**TO DO**: Beginning at the line that contains "S.H Apartments Glasgow Bagian luar foto" and finishing at the line that contains "Tree House Chalet in Townsend", output the data below exactly. Include both end lines and no pictures.

**SOURCE DATA**:
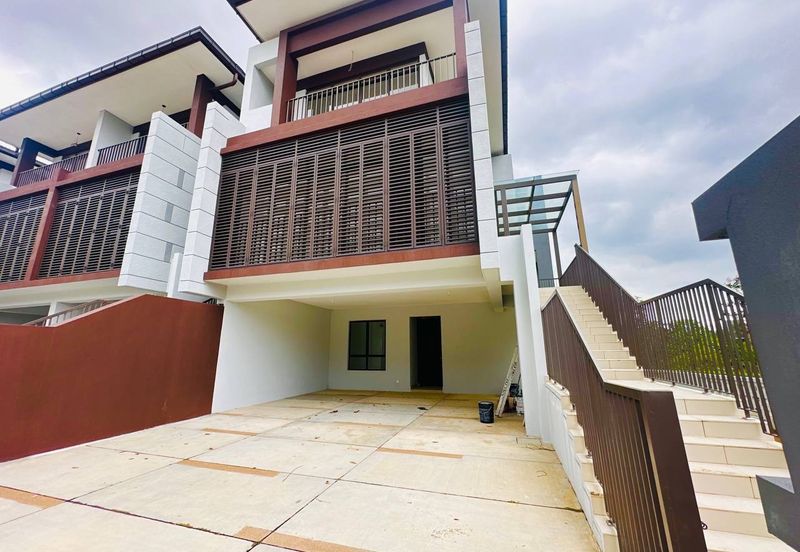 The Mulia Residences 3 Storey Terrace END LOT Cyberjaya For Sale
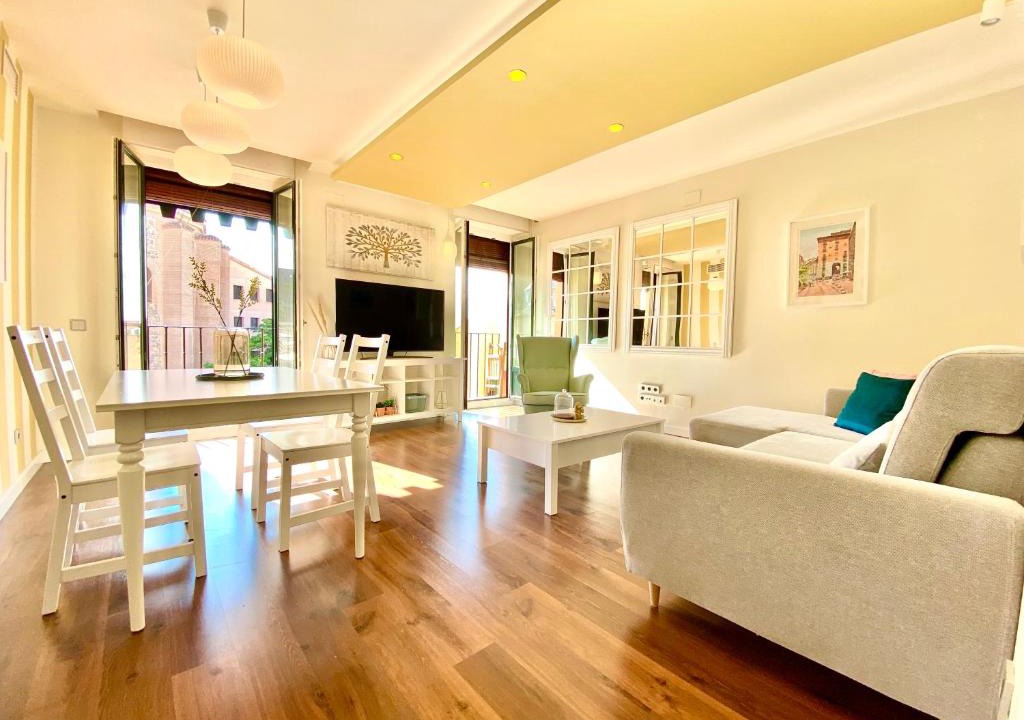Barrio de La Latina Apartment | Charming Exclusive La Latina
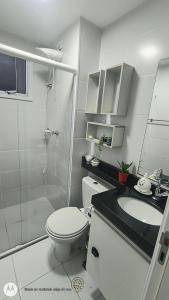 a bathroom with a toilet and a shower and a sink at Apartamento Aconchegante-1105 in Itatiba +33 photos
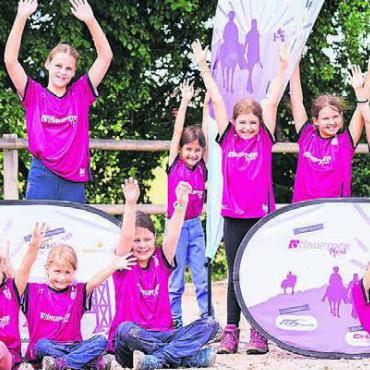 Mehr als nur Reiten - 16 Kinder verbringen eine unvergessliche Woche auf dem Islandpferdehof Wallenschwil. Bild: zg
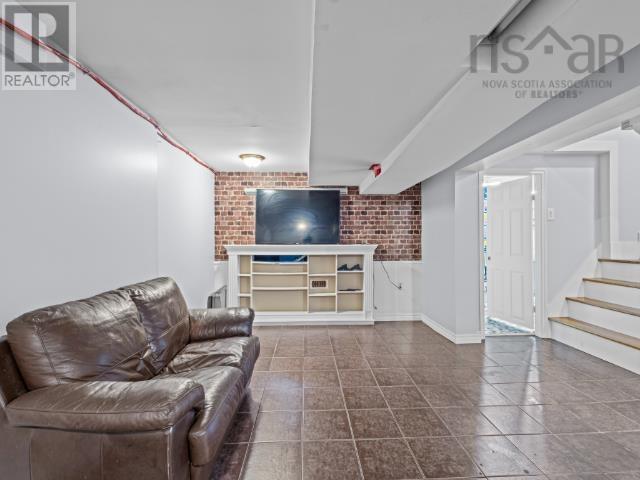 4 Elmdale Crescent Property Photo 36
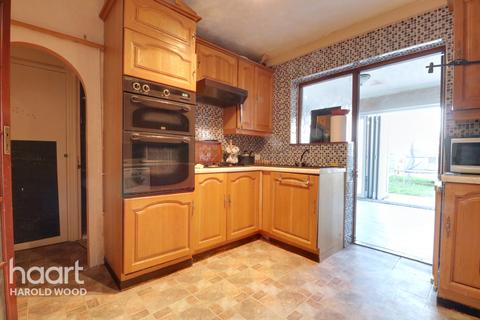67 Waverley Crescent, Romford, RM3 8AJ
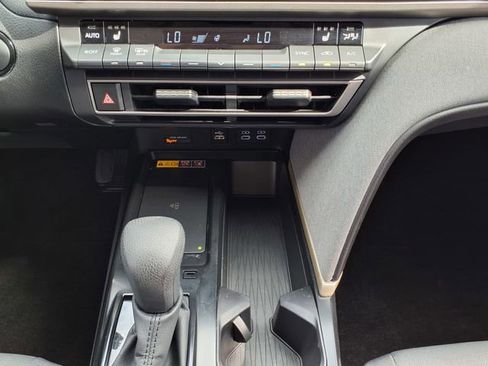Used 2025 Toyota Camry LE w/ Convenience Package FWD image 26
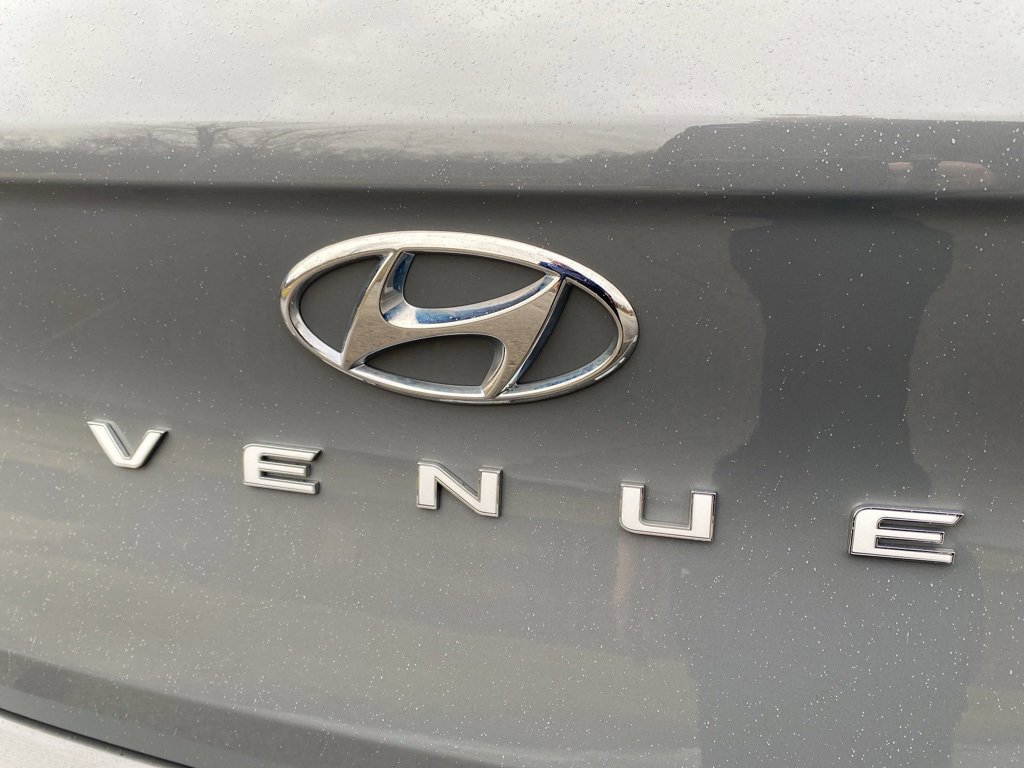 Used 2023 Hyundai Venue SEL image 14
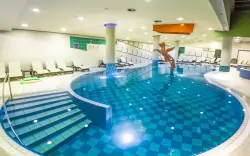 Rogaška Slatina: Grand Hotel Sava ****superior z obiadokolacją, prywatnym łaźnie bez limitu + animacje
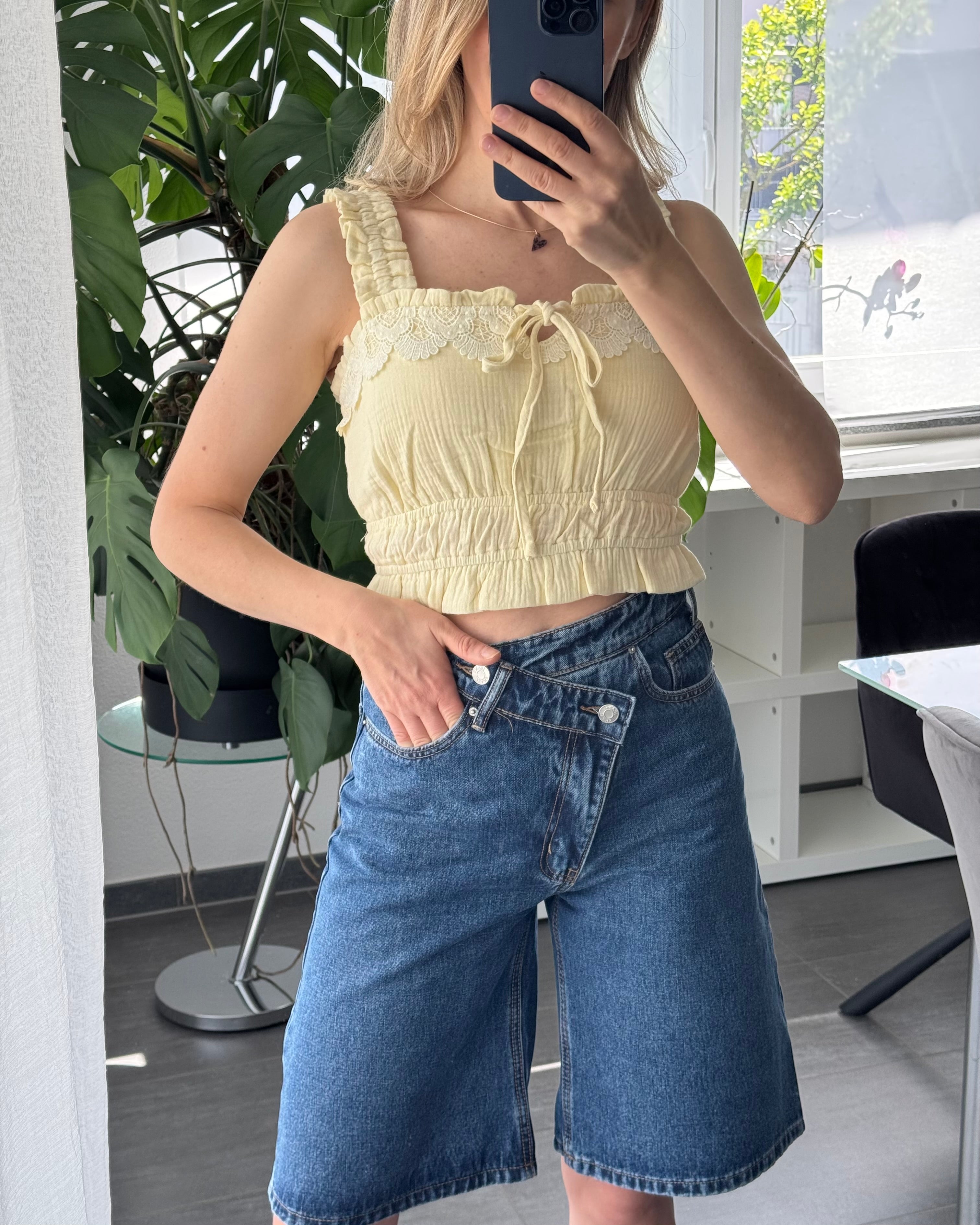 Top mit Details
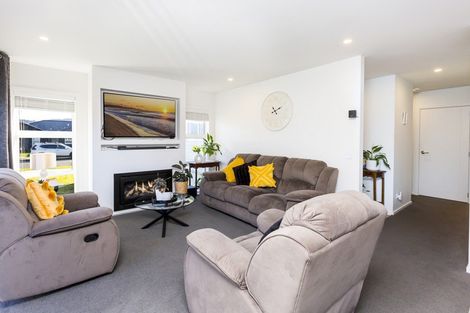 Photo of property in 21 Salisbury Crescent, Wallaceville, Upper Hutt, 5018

* * *

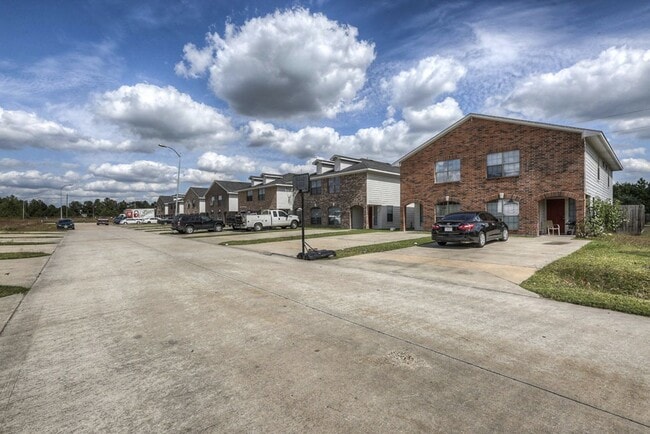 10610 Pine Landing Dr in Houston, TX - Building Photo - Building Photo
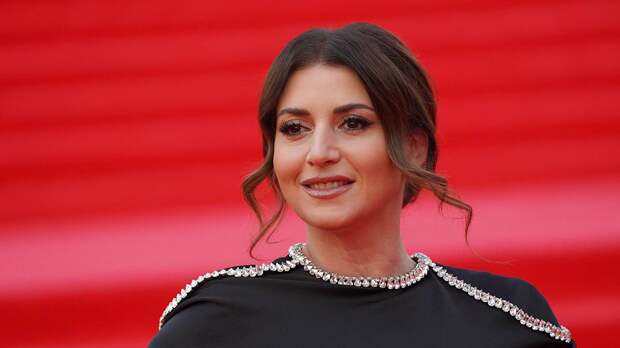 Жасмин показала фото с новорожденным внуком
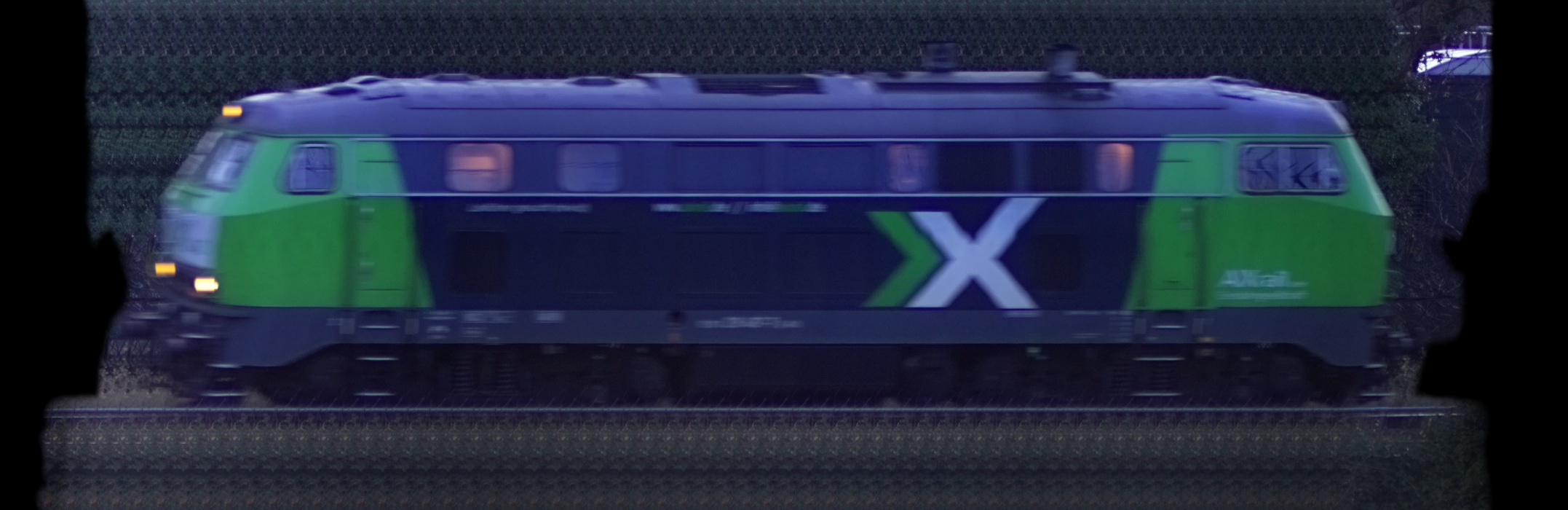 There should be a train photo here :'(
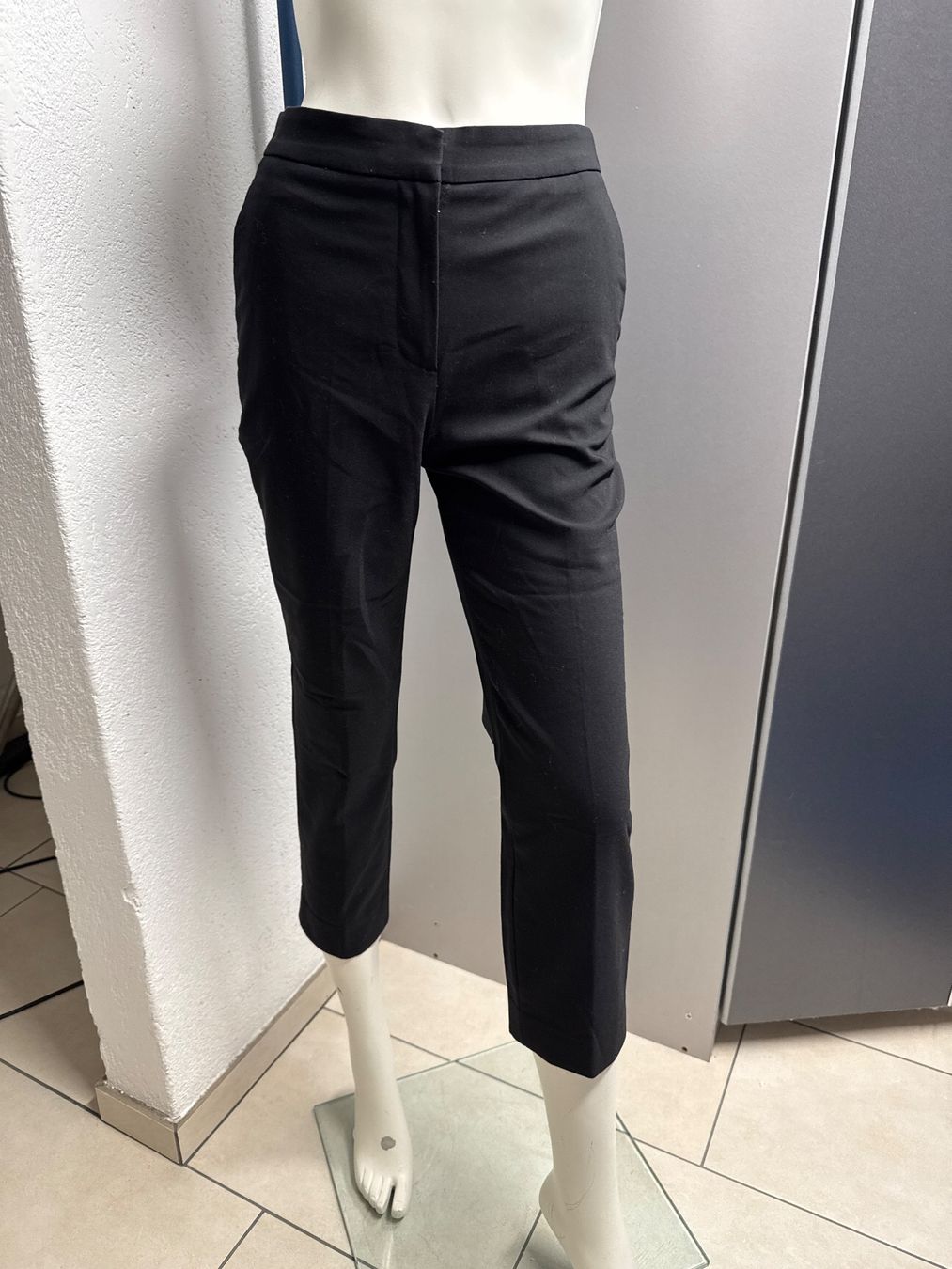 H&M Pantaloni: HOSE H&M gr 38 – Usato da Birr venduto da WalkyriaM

...

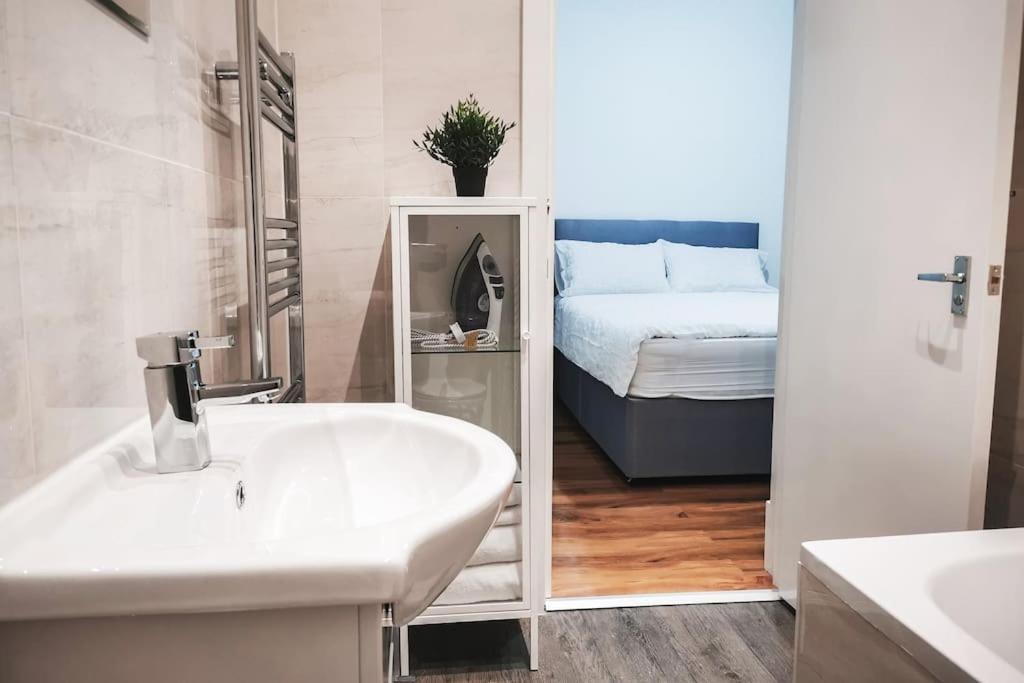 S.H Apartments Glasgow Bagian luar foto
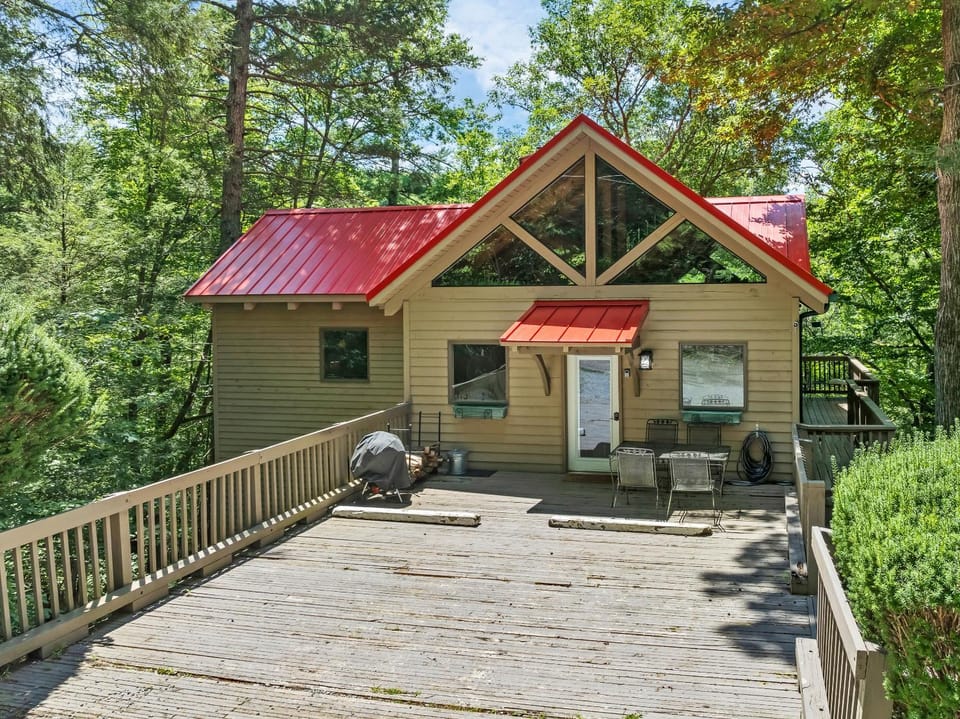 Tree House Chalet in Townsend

**REPLY TO THE EXERCISE**:
 S.H Apartments Glasgow Bagian luar foto
 Tree House Chalet in Townsend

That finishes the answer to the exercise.